What do you think? Are there flaws with this implementation? Is there a better way to do it?

mudasobwa · September 2, 2024, 4:38am

Would not Task.await_many/2 suffice? Like

timeout = 5_000
tasks =
  for {server, request} <- targets do
    Task.async(fn -> GenServer.call(server, request, timeout) end)
  end

Task.await_many(tasks)

Aetherus · September 2, 2024, 7:32am

You probably should not do this, but you can call a GenServer without using GenServer.call/3, but with plain send/2, and get the result back using receive/1.

Under the hood, GenServer.call/3 just sends a message with a specific format to a process (does not have to be a GenServer process), and expects that process to send back a message with another specific format within timeout milliseconds.

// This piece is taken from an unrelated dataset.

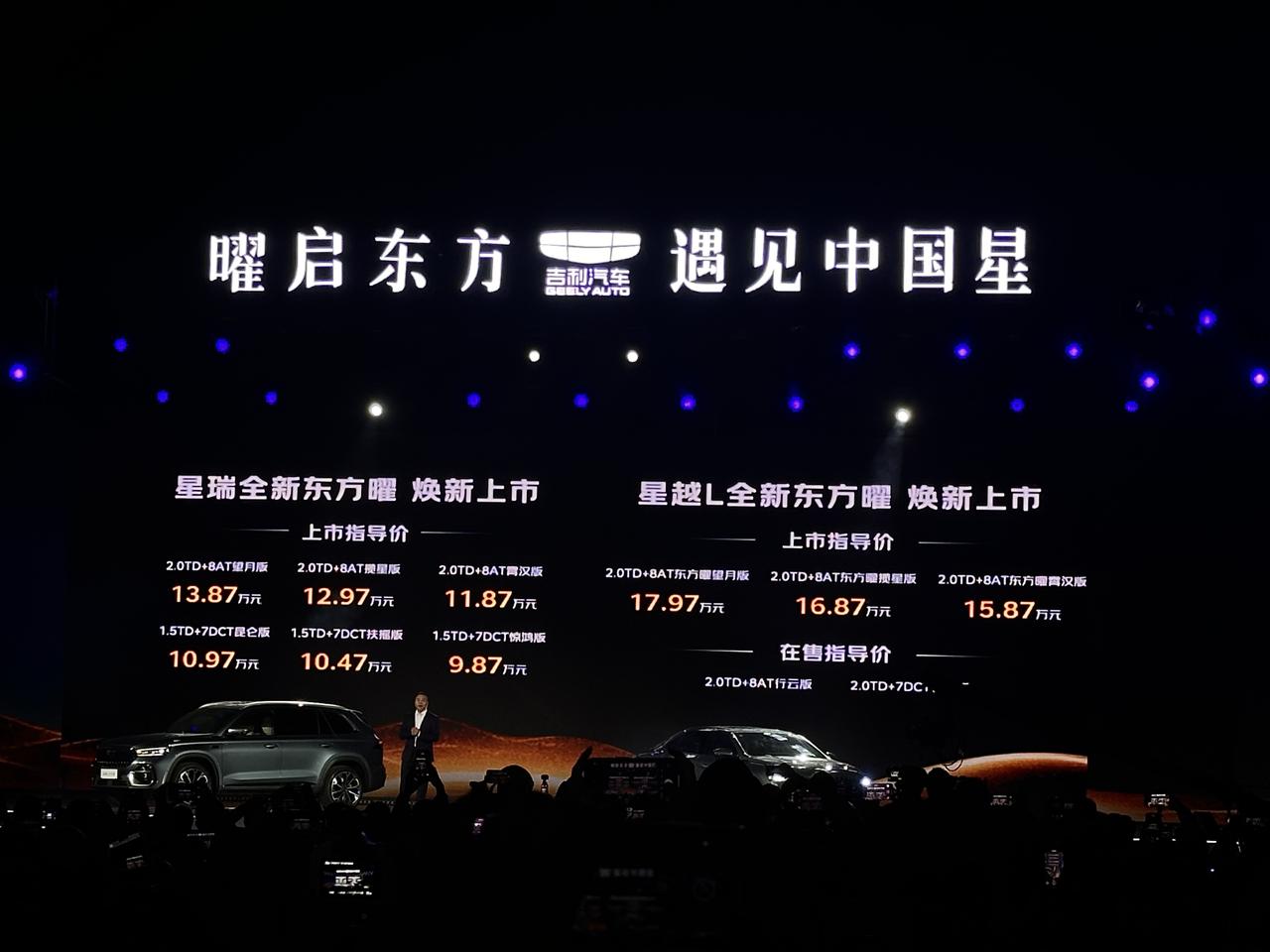 吉利上市两款新车：2026款星瑞东方曜售价9.87万元-13.87万元，2025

All you need to do is figure out what the formats of the request and reply messages are, and forge those kind of messages by your self.

LostKobrakai · September 2, 2024, 7:38am

There’s APIs to do that in erlang: gen_server — stdlib v6.0.1 and gen_server — stdlib v6.0.1 / gen_server — stdlib v6.0.1

Aetherus · September 2, 2024, 7:47am

Thank you for that information. I didn’t know there are already such APIs in Erlang.

Aetherus · September 2, 2024, 7:48am

Great talk about GenServer.call by Isaac Yonemoto:

rogach · September 2, 2024, 7:55am

I like this approach the most, thank you! This uses only the standard functionality, without low-level trickery, so probably the safest option.

It’s a bit scary to create so many extra processes, but I hear processes are cheap on the BEAM

That’s kind of what I did, see the second code snippet.

Thanks for the references! Didn’t notice these functions when I was browsing the docs.

However, I don’t think receive_response/wait_response/check_response will be able to handle the case of receiving many responses at once, since they all depend on exact request reference.

mudasobwa · September 2, 2024, 8:10am

If the total number is less than 100K processes, you should be fine.

al2o3cr · September 2, 2024, 1:46pm

Nitpick: the Task.async version has very different behavior in the face of crashing / missing targets.

The original will include an {:error, :noproc} or {:error, exit_reason} in the result for targets that crash or aren’t running.

The Task version will exit the calling process instead.